A powerful tornado ripped through rural Mississippi last night, killing at least 24 people and injuring dozens more.
The tornado hit Rolling Fork—a town with a population of less than 2,000, and the supposed birthplace of Muddy Waters—particularly hard when it rolled through at about 8 p.m. local time Friday night. Nearly a third of Rolling Fork residents live in mobile homes, which are especially susceptible to tornado damage. Drone footage shows decimated homes, overturned cars, a toppled water tower, and trees stripped of their bark.
First light revealing the destruction in Rolling Fork, MS #MSwx pic.twitter.com/9q5QX2wF4F
— Aaron Rigsby (@AaronRigsbyOSC) March 25, 2023
The link between climate change and more frequent or intense tornadoes is unclear, but tornadoes do appear to be increasing in frequency in the Mississippi Valley. As my colleague Emily Hofstaedter reported last year, “Runaway climate change is making extreme weather more common and deadly,” with tornadoes and other storms “striking in new territory and throughout more of the year, especially in the Midwest and Southeast.”

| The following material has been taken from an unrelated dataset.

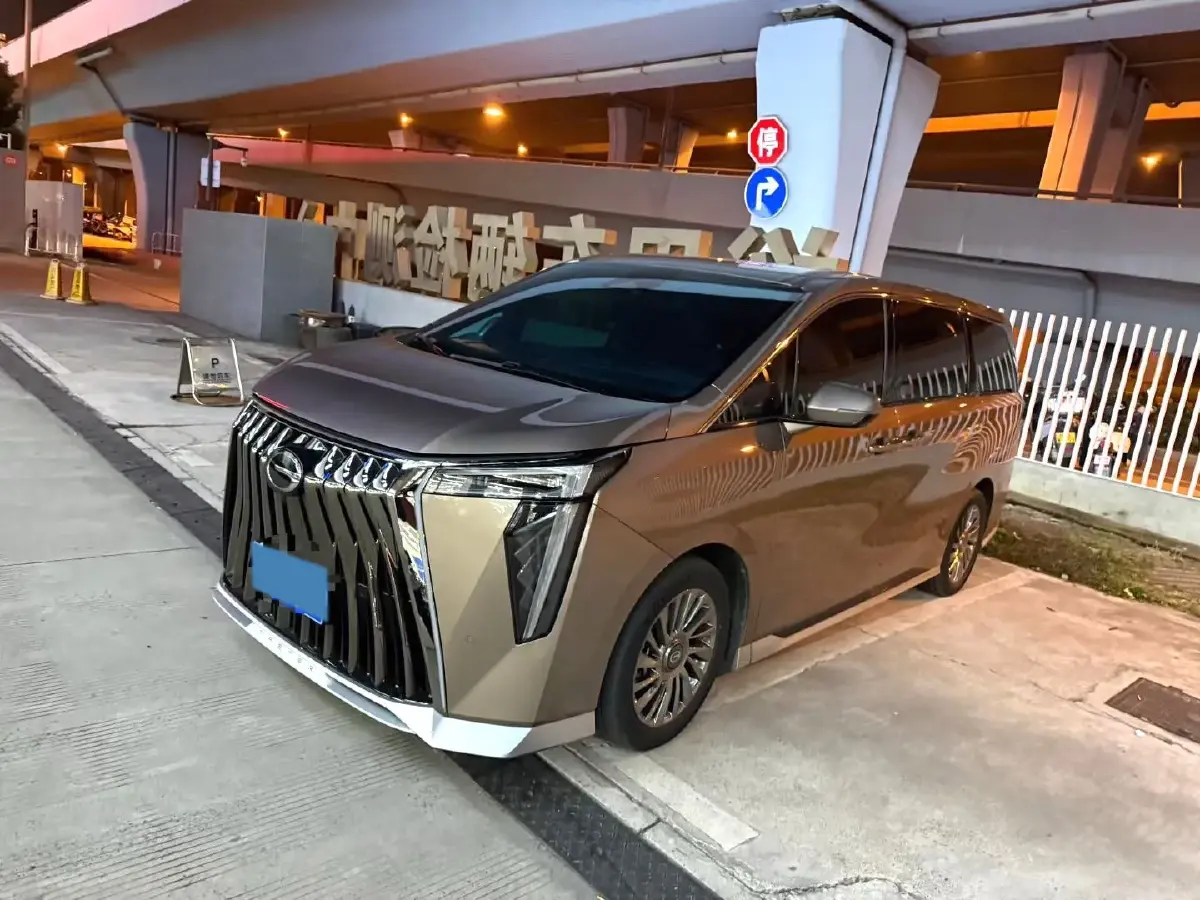 2023 GAC Trumpchi M8 2.0T 252HP L4 8AT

Ultimately, conditions were prime for destruction in Rolling Fork, where about one in five residents lives below the federal poverty line. Mississippi has suffered from decades of severe underinvestment in infrastructure, and Rolling Fork, located near the Mississippi and Yazoo Rivers, has long been at risk of flooding. “You mix a particularly socioeconomically vulnerable landscape with a fast-moving, long-track nocturnal tornado, and, disaster will happen,” Northern Illinois University meteorology professor Walker Ashley told the Associated Press. The federal government has historically been unprepared to handle sea-level rise and the consequent flooding that can result from more intense storms.
“My city is gone,” Rolling Fork Mayor Eldridge Walker said in an interview with CNN. “But we are resilient, and we’re gonna come back strong.”